Il ne fait pas de doute que les derniers
évènements de violence au Venezuela, ceux qui prirent leur envol le 12 février dernier, se présentent comme
une réponse à son appel pour un printemps latino-américain.
Washington, avec un tel homme d’Église, peut
dormir en paix dans sa lutte pour reconquérir les pays qui se sont affranchis
de son pouvoir de domination. Pas surprenant que les épiscopats
latino-américains s’associent à ce mouvement de reconquête de l’empire.
Le cardinal deviendra le prophète qui aura
annoncé ce jour de la libération des peuples de l’Amérique latine. La violence
et le pillage, ainsi que les morts feront évidemment partie, pour ces nouveaux libérateurs, des
dommages collatéraux ou, si l’on peut le faire croire, d’une répression excessive
de la part du gouvernement.
Les médias, bien rodés à la pensée unique, sauront
formater les esprits pour dire que l’Amérique latine vit des temps nouveaux.
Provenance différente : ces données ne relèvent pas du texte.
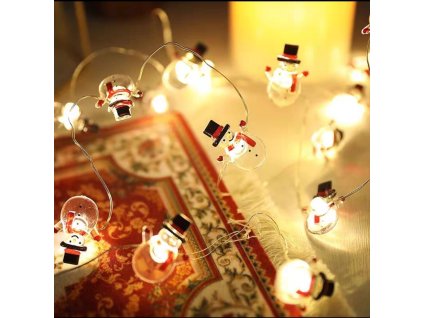 Vianočná LED mikro reťaz, snehuliaci, teplá biela, 40 LED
Sans doute comme ce fut le cas en Irak, en Libye, en Égypte, et maintenant en
Syrie.
Avec le cardinal Maradiaga et le secrétaire
d’État du Vatican, Pietro Parolin, solidaire de l’épiscopat vénézuélien, Washington
et le Vatican marchent main dans la main. Que le Peuple vénézuélien et tous les
autres qui avancent sur la même voie se le tiennent pour dit !!!